Déom Frères, éditeurs (p. 111-113).


LES PETITS CIREURS DE BOTTES



IL est un petit peuple barbouillé qui vit de la crotte des rues, comme la fleur, de soleil et de rosée. Tandis que les tireurs de portraits, les laboureurs, les demoiselles en mousseline, les dandys à souliers blancs, et le Directeur au Parc Sohmer, font de l’œil au bon’Dieu pour capter son joli soleil, le petit peuple barbouillé élève ses mains sales vers le ciel et clame : Seigneur, de la pluie pour délayer la poussière du chemin et faire de grandes flaques d’eau, de beaux trous de boue où les pattes des messieurs s’embourberont ! Et les gros sous pleuvront dans la tirelire des cireurs de bottes !

Et le bon Dieu qui n’est pas un échevin (car il aime les pauvres et les faibles) le bon Dieu ouvre les cataractes du ciel et verse gratuitement les trésors bienfaisants du céleste arrosoir !

« Car sa bonté s’étend sur toute la nature. »

Le plus minuscule insecte de la vaste fourmilière humaine est un artisan du grand œuvre de la création, le Maître l’aime et le protège. Si parfois ses foudres déracinent le chêne altier, elles ménagent toujours la faiblesse du roseau.
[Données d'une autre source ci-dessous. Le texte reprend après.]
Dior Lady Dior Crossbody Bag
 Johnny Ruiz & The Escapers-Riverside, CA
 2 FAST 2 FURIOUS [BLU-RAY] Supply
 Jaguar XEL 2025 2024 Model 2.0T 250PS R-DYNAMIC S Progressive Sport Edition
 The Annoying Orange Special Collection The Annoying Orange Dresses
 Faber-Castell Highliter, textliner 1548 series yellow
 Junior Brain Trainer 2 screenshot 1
Telle n’est pas la tendre prévoyance de Dame Taxe qui toujours tombe à bras raccourcis sur les déshérités du sort. L’aveugle brutale ne s’est-elle pas avisée de prélever un impôt de deux piastres par an, sur les maigres revenus des petits cireurs de bottes, histoire d’amener le Pactole rouler son flot jaune sur la pelouse de l’Hôtel-de-Ville. Parbleu ! ces gamins doivent fournir leur quote part pour l’embellissement des quartiers luxueux, le balayage des rues, l’agrandissement des boulevards, etc. Il en faut des sous, pour fêtailler le petit fils de Victoria Ire, embraser le jardin Lafontaine, et faire luncher le royal visiteur sur la montagne !

Mais le spectacle de l’enfance travailleuse ne vous dit rien au cœur, puisqu’au lieu de lui tendre une main secourable, vous l’écrasez en l’opprimant ? Pauvres petits, lancés sur le pavé à l’âge où les enfants des riches sont gâtés, bichonnés, gavés de friandises par leurs parents !

Faibles oiselets, arrachés du nid, avant que d’avoir essayé leurs ailes !

À peine sortis des langes, ces bambins sont aux prises avec le dragon struggle for life, bien plus méchant que l’ogre ou la vache caille à p’tit Poucet…

Le soir, ils rentrent au taudis fourbus, éreintés, noirs comme des nègres, les bras morts, la tête en feu. Ont-ils toujours, comme récompense de leur travail, un baiser de la mère, et un conte de grand’maman, pour bercer leur sommeil endolori ?

Le père a chômé tout l’hiver, l’œil hagard, enfiévré, il attend les gros sous du petit pour acheter du pain.

Celui-là sera battu, s’il rentre les mains vides. Plusieurs, après avoir vainement attendu la clientèle, se coucheront sans souper, sur l’unique grabat, où grouille une nichetée affamée ! À combien de drames de la misère, inconnus et navrants se trouvent mêlés ces humbles héros, dont les yeux ont déjà des regards d’homme et les lèvres, des sourires de désillusionnés.

Ah ! vous n’avez pas honte d’arracher l’argent de ces enfants, quand les banquiers, les capitalistes, les boursiers, les rentiers, étalent en plein soleil leur luxe insolent, sans augmenter d’un sou le trésor civique.

Taxez donc le dollar avant le paria et vous aurez assurément mérité de l’humanité !

Si vous semez le vent, vous récolterez la tempête. En fermant le chemin du travail à l’enfance, vous lui ouvrez l’antre du vice.

Les petits désœuvrés d’aujourd’hui, sont les voleurs de demain. L’œil louche, la main furtive, ces gamins se faufileront parmi la foule et subtiliseront les bourses, et les belles breloques qui dansent sur l’imposant bedon des majestueux édiles. Faux boiteux, faux bossus, faux mendiants, les anciens petits cireurs de bottes, la larme à l’œil, l’air rechigné, tenteront de vous extorquer des sous en exploitant votre sensibilité.

Ô homme raisonnable, faut-il qu’à l’instar du roi des eaux, tu fasses ta pâture du menu fretin !

Les gros monsieurs cireurs de bottes, qui gagnent vingt-cinq à trente piastres par semaine, auront chaise enseigne, boîte et attirail complet sur une grande rue. Ceux-là paieront leur taxe et sans peine. Mais le petit peuple barbouillé, à la grimace espiègle, à la repartie piquante est déjà chose du passé, comme les ramoneurs et les chanteurs de guignolée.